| Input |
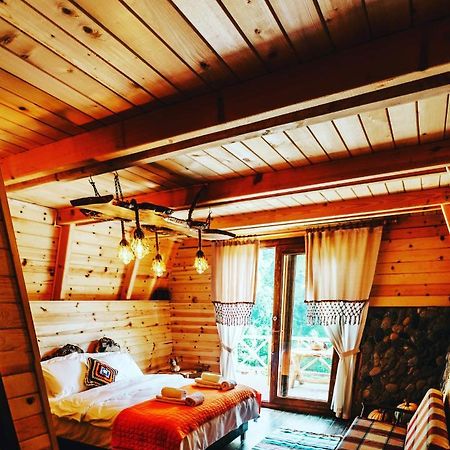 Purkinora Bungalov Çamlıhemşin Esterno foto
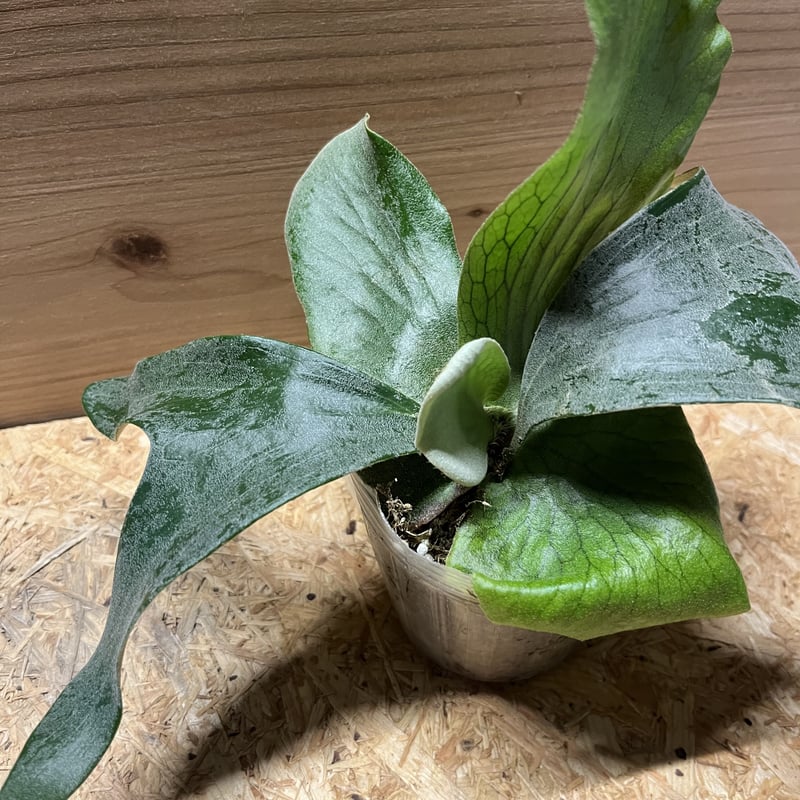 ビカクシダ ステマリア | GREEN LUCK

---

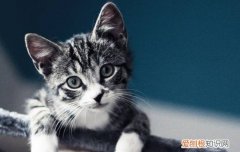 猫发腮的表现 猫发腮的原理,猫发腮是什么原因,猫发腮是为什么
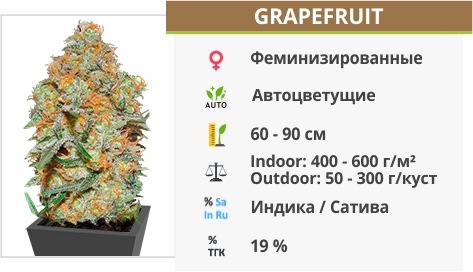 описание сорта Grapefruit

...

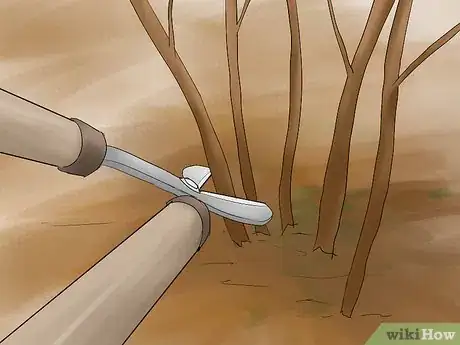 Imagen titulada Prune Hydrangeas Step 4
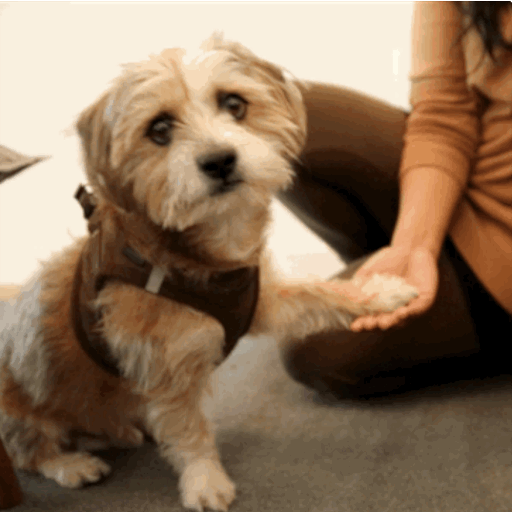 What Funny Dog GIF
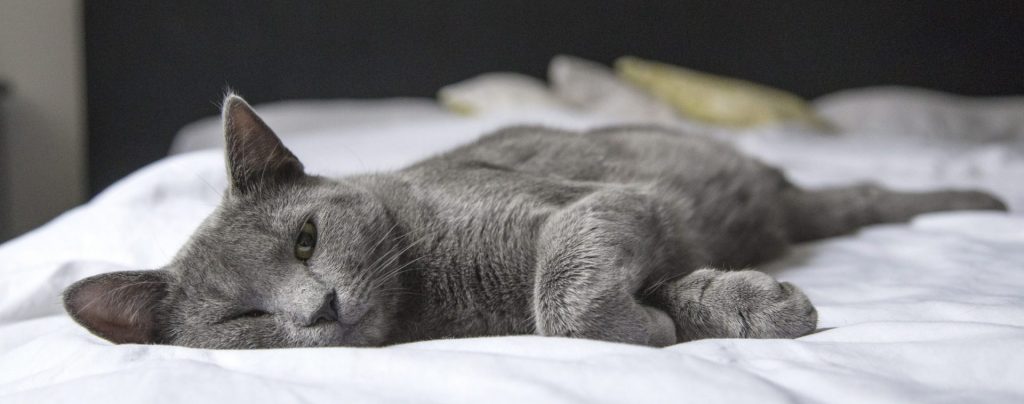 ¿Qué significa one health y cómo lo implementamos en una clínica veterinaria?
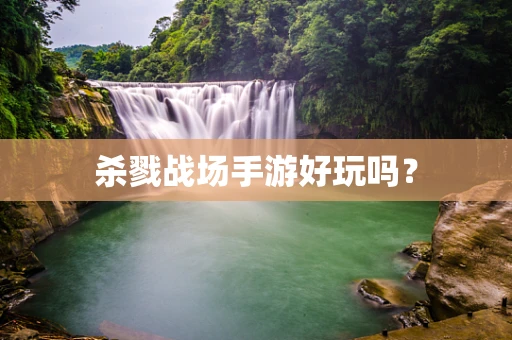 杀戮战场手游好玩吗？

| Task goal |
What are the lines above from the one with "Purkinora Bungalov Çamlıhemşin Esterno foto" to the one with "ビカクシダ ステマリア | GREEN LUCK", both included? Reproduce them exactly, without pictures.

| Output for this exercise |
 Purkinora Bungalov Çamlıhemşin Esterno foto
 ビカクシダ ステマリア | GREEN LUCK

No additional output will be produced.